Now I get the ominous meaning, full of dread, so fitting in the 60s when she chose it for a title, but I have always just loved the words, and prefer to leave it at that. At any rate this is why I remember Joan Didion, and why I picked up her novel (not her essays) yesterday. After I finish the novel I will probably go back and get the essays.

I memorize snatches of Shakespeare to impress myself and those who listen in extremely rare conversations in which the opportunity presents itself to either recite or identify those few pieces I have committed to memory.

This is from memory:
“Tomorrow, and tomorrow, and tomorrow,
Creeps in this petty pace from day to day,
Until the last syllable of recorded time,
And all our yesterdays have lighted fools the road to dusty death.
Out, out brief candle; life is but a shadow,
A poor player who struts and frets his hour upon the stage,
And then is heard no more.
It is a tale told by an idiot: full of sound and fury, signifying nothing.”

Macbeth

This too:
“Once more unto the breach, dear friends, once more.
In peace there’s nothing so becomes a man as modest stillness and humility.
But when the blast of war rings in our ears,
Then imitate the actions of the tiger:
Stiffen the sinew, conjure up the blood,
Disguise fair nature with hard favoured rage.”

Henry V

I memorized those two passages in high school.

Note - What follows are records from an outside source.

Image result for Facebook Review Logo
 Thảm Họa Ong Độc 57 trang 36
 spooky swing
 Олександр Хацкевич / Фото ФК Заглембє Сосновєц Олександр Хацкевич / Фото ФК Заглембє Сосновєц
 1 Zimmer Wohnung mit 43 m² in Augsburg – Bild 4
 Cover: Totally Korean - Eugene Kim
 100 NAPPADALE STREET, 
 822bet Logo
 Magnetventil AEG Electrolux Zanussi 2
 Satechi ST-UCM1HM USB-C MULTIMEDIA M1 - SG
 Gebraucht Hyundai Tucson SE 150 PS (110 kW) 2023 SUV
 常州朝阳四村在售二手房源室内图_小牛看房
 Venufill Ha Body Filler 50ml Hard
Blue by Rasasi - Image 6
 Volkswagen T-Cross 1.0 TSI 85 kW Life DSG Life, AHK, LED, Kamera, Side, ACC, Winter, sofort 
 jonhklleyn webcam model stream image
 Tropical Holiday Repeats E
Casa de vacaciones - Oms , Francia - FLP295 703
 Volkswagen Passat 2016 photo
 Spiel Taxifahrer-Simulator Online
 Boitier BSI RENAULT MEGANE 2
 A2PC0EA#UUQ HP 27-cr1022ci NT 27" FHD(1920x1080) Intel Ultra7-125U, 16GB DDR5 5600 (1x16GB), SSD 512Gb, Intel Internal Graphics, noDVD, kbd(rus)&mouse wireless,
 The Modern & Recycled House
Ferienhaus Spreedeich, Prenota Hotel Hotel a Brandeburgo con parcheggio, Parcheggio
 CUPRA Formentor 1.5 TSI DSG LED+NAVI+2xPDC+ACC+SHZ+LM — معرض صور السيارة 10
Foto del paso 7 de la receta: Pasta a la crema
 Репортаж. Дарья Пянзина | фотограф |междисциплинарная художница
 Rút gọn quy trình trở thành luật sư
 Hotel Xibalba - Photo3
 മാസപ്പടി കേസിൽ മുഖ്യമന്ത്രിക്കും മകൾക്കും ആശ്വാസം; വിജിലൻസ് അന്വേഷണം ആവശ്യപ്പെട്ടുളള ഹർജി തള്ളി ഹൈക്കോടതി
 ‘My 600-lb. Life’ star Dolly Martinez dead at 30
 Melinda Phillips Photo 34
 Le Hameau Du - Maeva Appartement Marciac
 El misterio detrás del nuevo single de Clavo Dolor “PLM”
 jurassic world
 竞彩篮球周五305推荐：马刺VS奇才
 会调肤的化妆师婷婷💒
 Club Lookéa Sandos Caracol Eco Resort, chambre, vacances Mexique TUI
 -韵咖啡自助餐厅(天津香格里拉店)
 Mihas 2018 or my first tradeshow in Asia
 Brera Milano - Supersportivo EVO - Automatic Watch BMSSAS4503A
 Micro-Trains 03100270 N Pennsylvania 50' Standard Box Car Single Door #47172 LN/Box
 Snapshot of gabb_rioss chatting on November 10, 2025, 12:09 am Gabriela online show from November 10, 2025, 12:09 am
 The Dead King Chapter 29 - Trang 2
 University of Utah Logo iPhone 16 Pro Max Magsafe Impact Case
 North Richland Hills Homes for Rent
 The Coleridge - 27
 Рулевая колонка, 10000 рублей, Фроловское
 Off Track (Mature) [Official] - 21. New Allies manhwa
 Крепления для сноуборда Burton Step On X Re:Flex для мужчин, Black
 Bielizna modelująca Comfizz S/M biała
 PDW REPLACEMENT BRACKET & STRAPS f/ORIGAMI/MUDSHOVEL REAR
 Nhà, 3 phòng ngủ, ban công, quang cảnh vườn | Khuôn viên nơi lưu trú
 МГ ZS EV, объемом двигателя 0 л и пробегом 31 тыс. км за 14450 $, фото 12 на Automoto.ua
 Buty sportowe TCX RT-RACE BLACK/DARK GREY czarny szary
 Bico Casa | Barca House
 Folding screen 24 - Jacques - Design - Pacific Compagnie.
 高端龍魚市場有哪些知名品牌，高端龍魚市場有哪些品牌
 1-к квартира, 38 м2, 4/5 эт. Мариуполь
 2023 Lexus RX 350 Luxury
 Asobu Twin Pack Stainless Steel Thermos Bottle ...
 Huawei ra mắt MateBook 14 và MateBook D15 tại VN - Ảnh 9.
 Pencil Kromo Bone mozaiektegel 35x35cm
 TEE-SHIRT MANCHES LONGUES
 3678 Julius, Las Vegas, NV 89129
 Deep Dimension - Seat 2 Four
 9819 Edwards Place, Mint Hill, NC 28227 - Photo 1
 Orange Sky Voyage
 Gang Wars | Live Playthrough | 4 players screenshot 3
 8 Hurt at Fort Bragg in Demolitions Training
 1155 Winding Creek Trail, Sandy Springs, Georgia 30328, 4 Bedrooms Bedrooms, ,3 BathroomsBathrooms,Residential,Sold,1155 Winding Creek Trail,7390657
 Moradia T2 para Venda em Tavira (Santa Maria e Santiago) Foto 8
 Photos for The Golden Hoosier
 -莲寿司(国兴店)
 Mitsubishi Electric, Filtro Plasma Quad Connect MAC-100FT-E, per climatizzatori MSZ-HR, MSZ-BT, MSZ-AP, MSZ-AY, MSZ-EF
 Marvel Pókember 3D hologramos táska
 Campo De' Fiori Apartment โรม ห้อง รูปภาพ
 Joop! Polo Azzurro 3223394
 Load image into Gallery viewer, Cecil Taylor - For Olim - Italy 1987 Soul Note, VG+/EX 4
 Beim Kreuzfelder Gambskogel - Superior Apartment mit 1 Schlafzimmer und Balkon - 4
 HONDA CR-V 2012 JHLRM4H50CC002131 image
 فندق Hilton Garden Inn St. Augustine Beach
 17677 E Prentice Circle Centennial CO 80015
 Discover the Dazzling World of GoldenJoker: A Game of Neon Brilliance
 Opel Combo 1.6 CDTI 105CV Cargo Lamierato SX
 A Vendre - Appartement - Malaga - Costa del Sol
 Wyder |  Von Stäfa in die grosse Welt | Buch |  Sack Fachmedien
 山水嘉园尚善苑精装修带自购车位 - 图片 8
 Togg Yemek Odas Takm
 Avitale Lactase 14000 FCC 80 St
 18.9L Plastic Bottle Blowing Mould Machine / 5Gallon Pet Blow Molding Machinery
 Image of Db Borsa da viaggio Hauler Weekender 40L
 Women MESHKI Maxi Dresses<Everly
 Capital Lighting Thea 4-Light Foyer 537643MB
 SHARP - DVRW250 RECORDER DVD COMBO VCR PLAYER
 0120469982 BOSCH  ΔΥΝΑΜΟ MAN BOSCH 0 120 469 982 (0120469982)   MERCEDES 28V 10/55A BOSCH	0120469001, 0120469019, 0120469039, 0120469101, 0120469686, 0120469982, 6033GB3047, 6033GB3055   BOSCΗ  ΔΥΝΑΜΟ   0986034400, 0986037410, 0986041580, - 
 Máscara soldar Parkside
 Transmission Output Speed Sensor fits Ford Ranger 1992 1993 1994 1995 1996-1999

A few years later I met a friend who had committed to memory Lewis Carrol’s “Jabberwocky” and would recite it with dramatic flair. I was so impressed that I, too, memorized it, and to this day I can recite it, also with dramatic flair. I did just the other day, on request, after saying I had memorized it. It’s another ploy to look clever and smart. I have no memory of the story of Henry V , only one brief passage.

Now I’m working on Richard III: “Now is the winter of our discontent, made glorious summer by this sun of York…”

Life is challenging when you have only yourself for company. I have numerous things I like to do, but sometimes want company too. The phone doesn’t do it for me. I want the visceral experience of seeing another human across from me, talking, drinking, engaged.

Thursday I will have dinner with my old-friend-by-proxy, Debbie Garafolo-Bucci-Berry. I know her through Donna, and she knows me through Donna. We have never been alone together; this will be the first time in the 35 years I have known her that there won’t be anyone else with us. I’m curious and nervous to see how well (or not) we actually know each other, if my mental image of her is what this essentially first impression will be.

At least I’ll go to Portland and have a good meal.